Any changes to the filesystem that you make in the working directory of your
workspace (the directory you find yourself in when you first open the workspace)
are persisted across workspace restarts.

This allows you to save data, code, models, and other files in your workspace.

> [!NOTE]
> Storing large datasets, models, and other files in your workspace may slow down
> the start and stop times of your workspace.
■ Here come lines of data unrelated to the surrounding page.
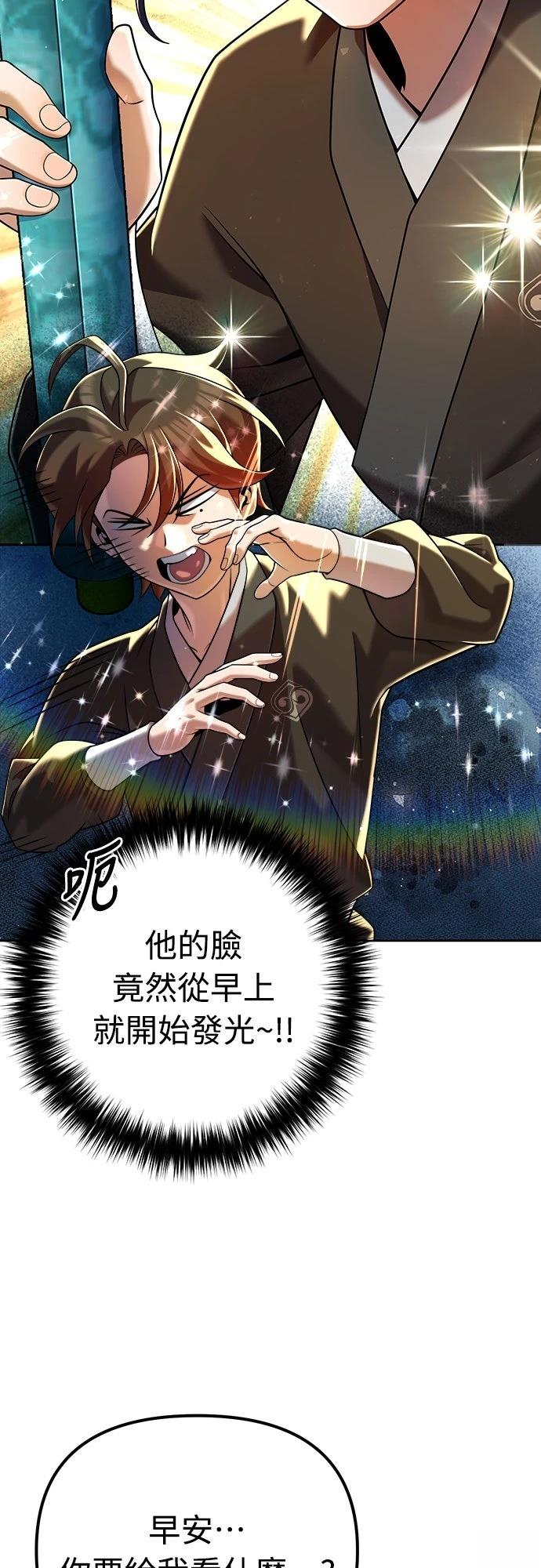 第34话3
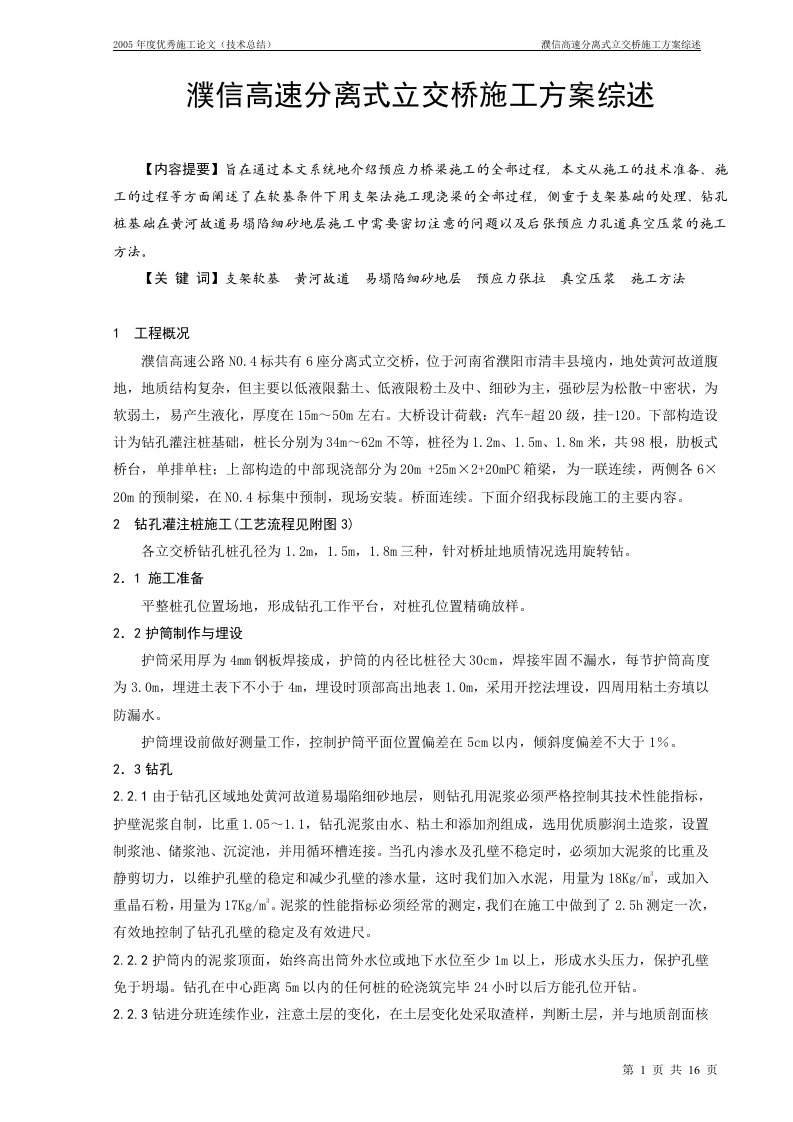 濮信高速分离式立交桥施工方案综述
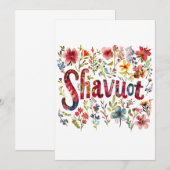 Shavuot - Blumenmuster Einladung (Vorne/Hinten)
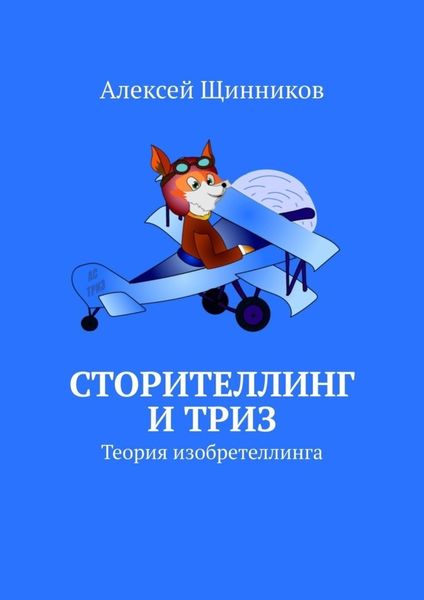 Обложка книги  «Сторителлинг и ТРИЗ. Теория изобретеллинга»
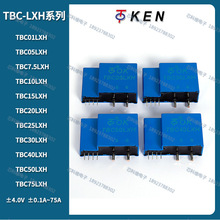 �п�TBC25LX 30LXH TBC40LX TBC50LXH TBC75LXH 05LX 10LX 7.5LX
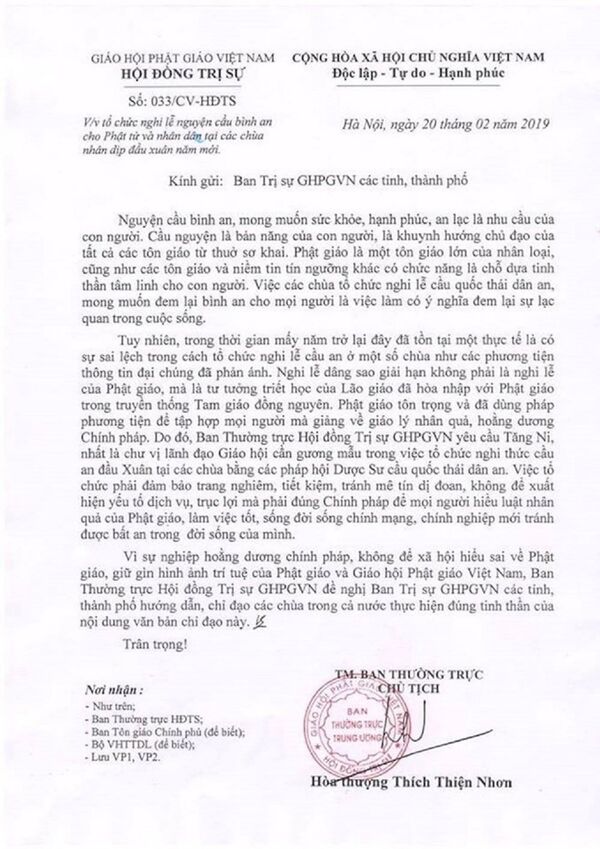 Công văn số 033/CV-HĐTS của Hội đồng trị sự Giáo hội Phật giáo Việt Nam gửi Ban trị sự Giáo hội Phật giáo Việt Nam các tỉnh, thành phố về việc tổ chức nghi lễ nguyện cầu bình an cho các Phật tử và nhân dân tại các chùa dịp đầu Xuân. - Sputnik Việt Nam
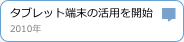 タブレット端末の活用を開始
This is because the workspace
> instance needs time to download/upload the files from persistent storage.

## Editing a workspace

Change the workspace configuration by clicking on the **Edit** button:

![Edit Workspace](https://www.union.ai/docs/v1/union/_static/images/user-guide/core-concepts/workspaces/edit-workspace-1.png)

Note that you can change everything except the workspace name.

![Edit Workspace](https://www.union.ai/docs/v1/union/_static/images/user-guide/core-concepts/workspaces/edit-workspace-2.png)

## The workspace detail view

Clicking on the workspace item on the list view will reveal the workspace detail view,
which provides all the information about the workspace.

![Workspace Detail](https://www.union.ai/docs/v1/union/_static/images/user-guide/core-concepts/workspaces/workspace-detail.png)

## Archiving a workspace

Archive a workspace by clicking on the **Archive** button:

![Archive Workspace](https://www.union.ai/docs/v1/union/_static/images/user-guide/core-concepts/workspaces/archive-workspace.png)

Show archived workspaces by clicking on the **Show archived** toggle
on the top right of the workspaces list view. Unarchive a workspace by clicking
on the **Unarchive** button:

![Unarchive Workspace](https://www.union.ai/docs/v1/union/_static/images/user-guide/core-concepts/workspaces/unarchive-workspace.png)

## Workspace CLI commands

The `union` CLI also provides commands for managing workspaces.

### Create a workspace configuration

The first step is to create a yaml file that describes the workspace.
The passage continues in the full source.